As this file is huge (~55MB), it is still not in a useful form to analyze and simulate. To simplify the described logic, we use the following yosys script:

read_verilog challenge_decompiled.v
hierarchy -top top
synth
flatten
opt
clean
opt_clean -purge
write_verilog -noattr challenge_opt.v

Simulation

In order to dynamically assess what the challenge logic does, we need a way of simulating design. In addition, we also need to be able to interact with the design in order to send and receive data from the UART interface hinted to by the prompt.

In the top module definition of the optimized Verilog file, we see that there are four signals we need to consider:

module top (
    output MIB_R0C40_PIOT0_JTXDATA0A_SIOLOGIC,
    input MIB_R0C40_PIOT0_JPADDIB_PIO,
    input G_HPBX0000,
    input MIB_R0C60_PIOT0_JPADDIA_PIO
);

To find out which signal corresponds to which function, we can open the Verilog file in a toolchain like Xilinx Vivado in order to get a RTL schematic. By highlighting the signals in question, we can see where they are connected. The following image shows G_HPBX0000 highlighted in red and MIB_R0C60_PIOT0_JPADDIA_PIO in blue within the RTL-schematic viewer of Vivado.

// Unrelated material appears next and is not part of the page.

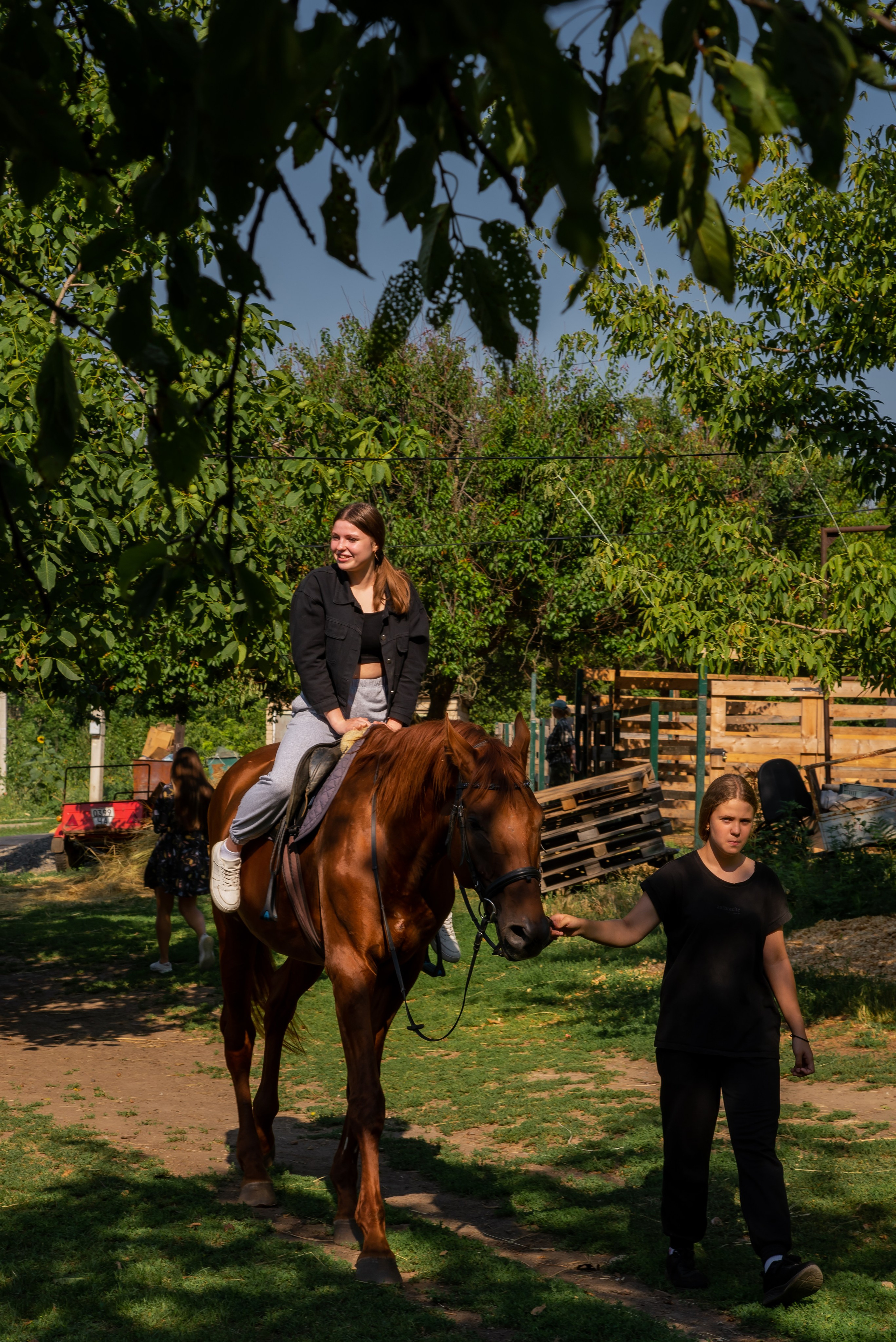 Конная прогулка. Фотограф Галина Нестерова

We can observe, that G_HPBX0000 is connected to the clock inputs of most, if not all, flip-flops, so this is probalbly our main clock input. Similarly, the MIB_R0C60_PIOT0_JPADDIA_PIO seems to connect to reset pins / logic, so this is most likely a reset signal.

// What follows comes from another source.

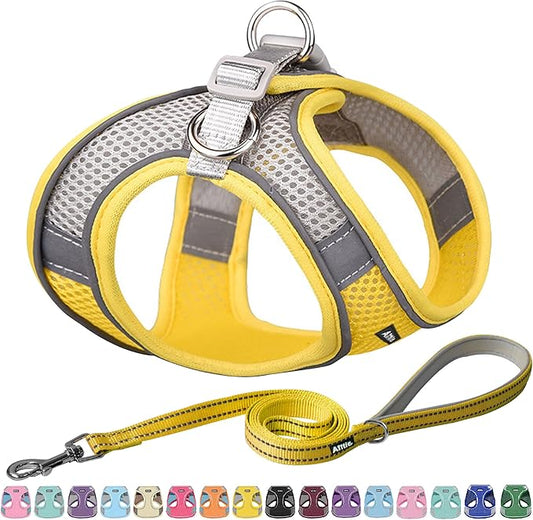 AIITLE Dog Harness, Summer No-Pull Cat Harnesses with a Leash, Adjustable Reflective Puppy Vest, Pet Vest Escape Proof, Outdoor Walking, Camping for Extra Small Dogs and House Cats Yellow XXXS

As UART requires a TX (output) and RX (input) signal, we can now finally map the signals as follows:

Signal Name	Signal Function
G_HPBX0000	Main Clock (12 MHz)
MIB_R0C60_PIOT0_JPADDIA_PIO	System Reset
MIB_R0C40_PIOT0_JPADDIB_PIO	UART RX (Testbench -> FPGA)
MIB_R0C40_PIOT0_JTXDATA0A_SIOLOGIC	UART TX (FPGA -> Testbench)

Based on our findings, we can now write a small testbench in Verilog that implements a UART transmitter and receiver in order to communicate with the design. testbench.v takes space-separated hex values piped into it via stdin, sends them to the FPGA, waits for a response and prints them to the terminal.

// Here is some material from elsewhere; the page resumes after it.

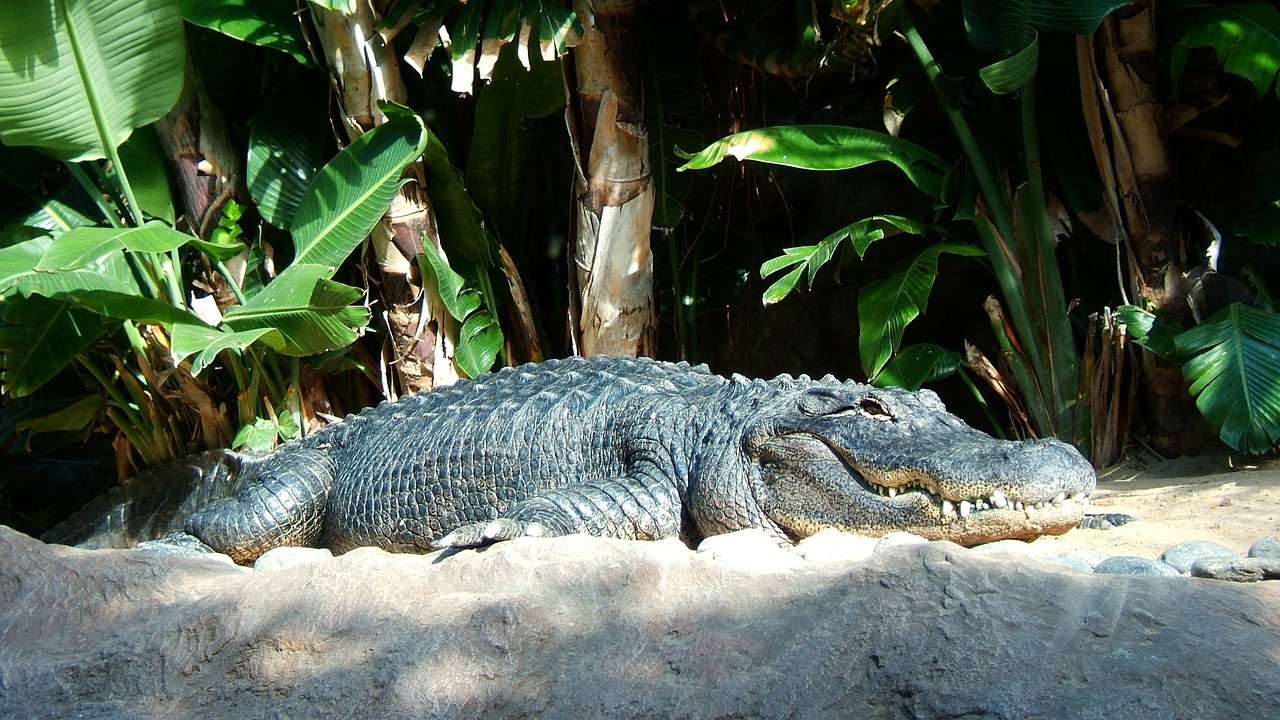 crocodile reptile saurópsidos free photo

To simulate the design, we used iverilog.

$ iverilog -o chall_tb -v testbench.v -s challenge_tb
$ echo "00 01 02 03 04 05 06 07" | vvp ./chall_tb

By sending some example values to the FPGA, we can observe, that the FPGA waits for 8 bytes to be sent, and then responds with a set of different 8 bytes, most likely encrypted - as the prompt of the challenge already suggests.

We can now try to slightly alter the payload in order to test the behaviour of the encryption alogrithm. As even a single bit-flip within a block leads to a completely different ciphertext within this block, we can infer that the alogrithm must be some kind of 64-bit block cipher.

Furthermore, by sending the same block twice consecutively, we observe that the ciphertext block is still the same, so the alogrithm is a ECB style cipher.

Dynamic Analysis

The difficulty with reverse-engineering a relatively large logical circuit as the one featured within this challenge is the sheer amount of components and wires. As an example, this is how one page (in total 70 pages) of the RTL schematic looks like:

So static analysis of the circuit in order to get a big-picture grasp of what the FPGA is doing is most likely not a feasible option.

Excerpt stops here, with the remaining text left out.